# Ford 3930 Tachometer Not Working



## mooremarkt (Oct 30, 2013)

Recently, my tachometer and hour meter stopped working on my 3930 tractor. As it turns out, the flexible shaft that fits into the tachometer drive adapter assembly broke. I've purchased a new one but having a hard time getting the new one in place (can't get it to seat into the female end on the bottom of the adapter). I'm wondering what the correct way is to install this shaft? BTW, this adapter is attached to the engine below the oil filter and is driven by the oil pump.

I'm wondering if I should pull out the entire drive adapter assembly and if so how does it come out? I've tried some hand pressure to see if it will come out but it will not move and was hesitate to put a wrench on it. Any help would be greatly appreciated. I bought an IT service manual but it does not include any info on this particular item.


----------



## harry16 (Dec 8, 2011)

As you are aware, there is a small square female receptacle in the drive assembly that your cable fits into. First take a look with a mirror to see that the square receptacle is open. You may have a cable stub broken off in the receptacle, preventing the new cable end from entering it. Also confirm that it turns when the engine is running. 

If there is a cable stub stuck in the receptacle, I would try to get it with a magnet first or if there is enough sticking out that you can get a grip on it, maybe use a needle-nose pliar on it.

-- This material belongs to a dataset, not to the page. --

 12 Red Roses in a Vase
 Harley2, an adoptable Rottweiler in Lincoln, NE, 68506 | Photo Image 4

Another thing to consider - the tachometer may be frozen up, which could be the reason the cable broke off in the first place. Check that the tachometer turns freely. Had this happen to me on a Massey Ferguson. I put in a new cable not realizing that that the tachometer was frozen up and immediately broke the new cable. Oh well, you can learn from my mistakes!

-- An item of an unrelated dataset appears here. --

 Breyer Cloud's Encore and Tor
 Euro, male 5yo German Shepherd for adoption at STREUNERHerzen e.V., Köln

If all is well, simply turn the cable with your fingers till it pops into the receptacle. Then screw in the cable housing connector. 

If you have to remove the cable drive assembly, loosen the bolt that clamps the assembly together, pry out the housing. Underneath, there will be a cable guide, an expansion ring and an o-ring to seal the joint. It's not rocket science, once you get into it. You can remove the oil filter for more room. Replace the o-ring to ensure no leakage when you are done.

Good Luck.


----------



## mooremarkt (Oct 30, 2013)

Thanks for the reply; I've removed the housing cover which came off easy enough. As you described, there is a cable housing; that's the part I'm not sure how to remove. From your reply, it sounds like I should just pry it out. It does not want to move by just prying with hand pressure. With this cable housing in place, it is difficult to get at the female receptacle to see if there is a broken piece still in it. I've tried a magnet but haven't got anything out. I'm planning to work on it some more today; hopefully I'll have some success.


----------



## harry16 (Dec 8, 2011)

I've attached a parts diagram of your instrument cluster and associated parts. It appears that the sleeve should pry out. I would expect relatively easy.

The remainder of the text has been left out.